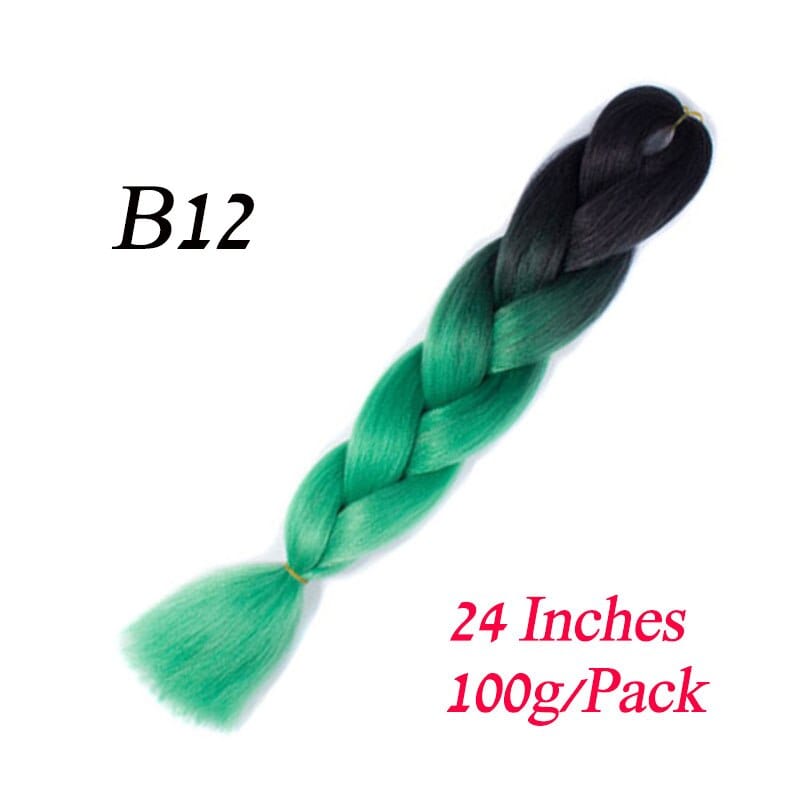 Showlu Store Nation 0 #27 / 24inches / 1Pcs/Lot Synthetic 24Inch 100G Wholesale Single Ombre Color Glowing Hair Extension Twist Jumbo Braids Kanekalon Hair For Women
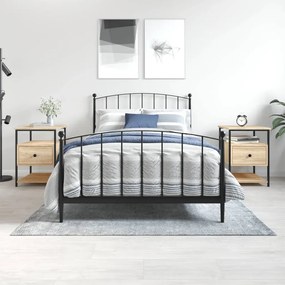 vidaXL Mesas de cabeceira 2 pcs derivados de madeira carvalho sonoma
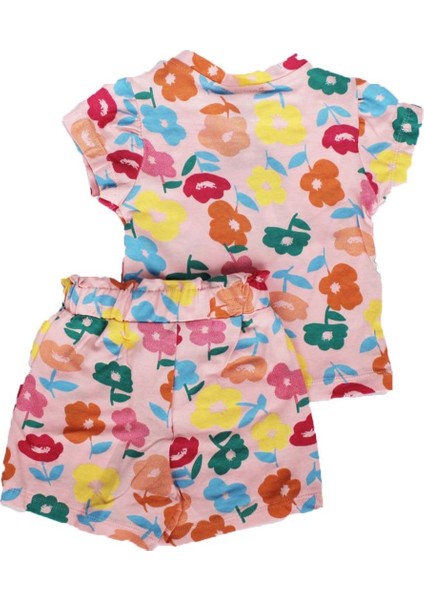 Kız Bebek Somon Renkli Çicek Baskılı Şortlu 2'li Takım fiyatları
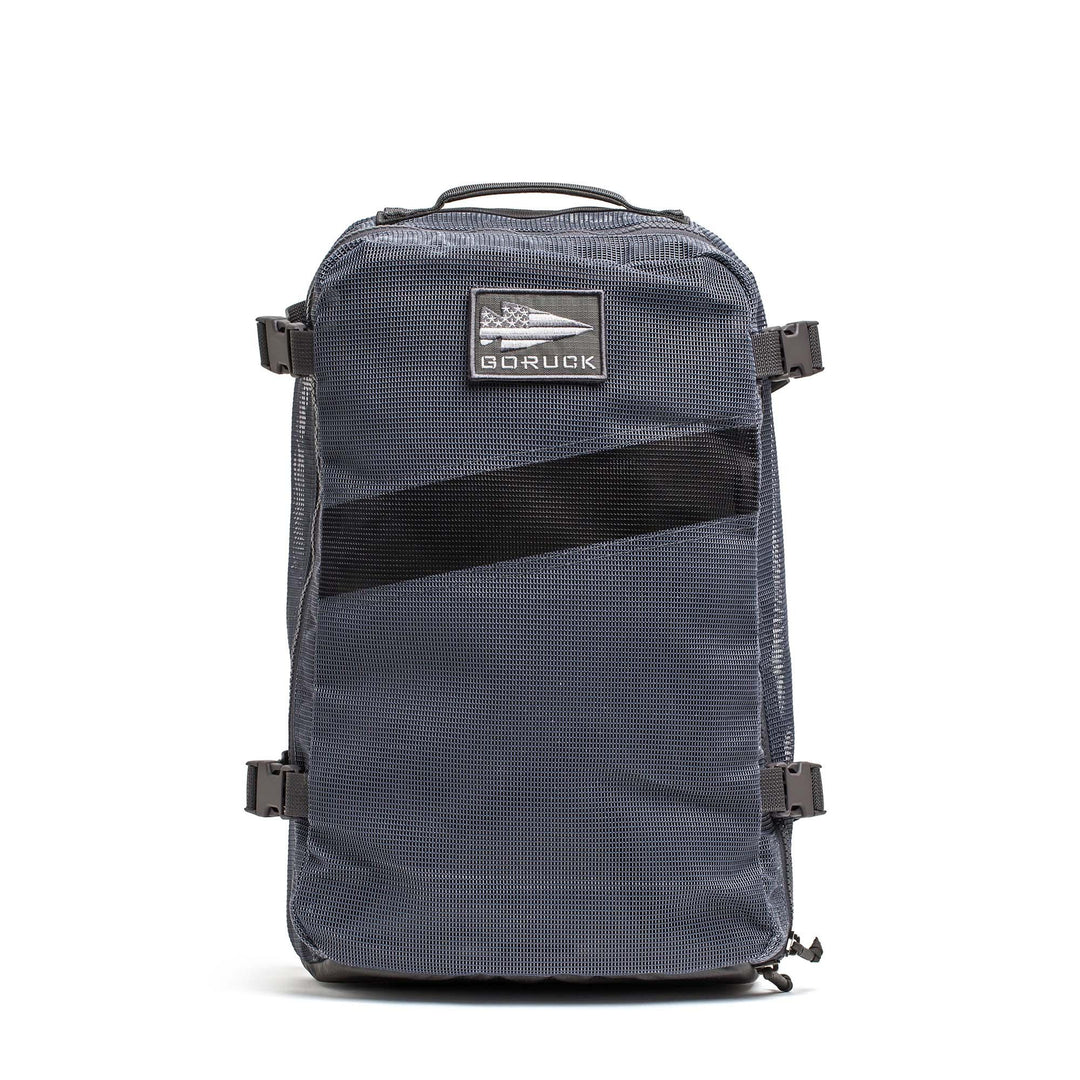GORUCK Mesh Ruck Armor Grey backpack with patch, front view on white background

# # # # #

## Problem description
Copying starts at the line containing "Kız Bebek Somon" and ends at the last line of the material above; repeat only those lines exactly and omit the pictures.

## Task solution
 Kız Bebek Somon Renkli Çicek Baskılı Şortlu 2'li Takım fiyatları
GORUCK Mesh Ruck Armor Grey backpack with patch, front view on white background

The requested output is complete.